Is there an (efficient?) algorithm which given a context-free language $L$ (given as a grammar) and a string $x$ with $x \not \in L$ computes a $y$ with $y \in L$ and $\forall y': y' \in L \implies d(x, y) \le d(x, y')$, where $d$ is the Levenshtein distance? (Secondarily, can one enumerate all such $y$?)
The motivation is to give more useful parse error messages: if you give me an almost-valid C program, I would like to tell you "if you delete these parentheses and insert a semicolon here, it'll parse".
A family of related questions:
- What happens when you vary the distance function? (Can you think of other candidates? Do non-metric distance functions make sense? Do they change the answer?)
- Does the answer change if you restrict $y$ to e.g.
- $x$ is a prefix of $y$ (i.e. you can do append-only error-correction)

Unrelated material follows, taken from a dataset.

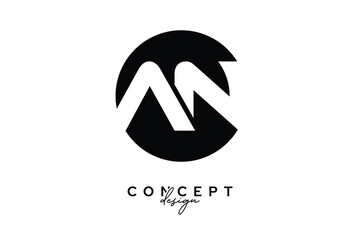 AN Creative Negative Space Circle Monogram Logo Design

- $y$ is a prefix of $x$ (i.e. you can do pop-last-only error-correction)
- all the characters of $x$ occur in $y$ and in the same relative order, but maybe not adjacently (i.e. you can error-correct by inserting anywhere)
- [...] $y$ occur in $x$ [...] by deleting anywhere.
- Does the answer change if you change the optimization criterion? E.g. "find a $y$ in $L$ which maximizes the length of common_prefix(x, y)", or something else?
- Does the answer change for other language classes, e.g. regular?
- Does this change if the language is given as $LALR(k)$, $LL(k)$, deterministic or other sub-CF grammar?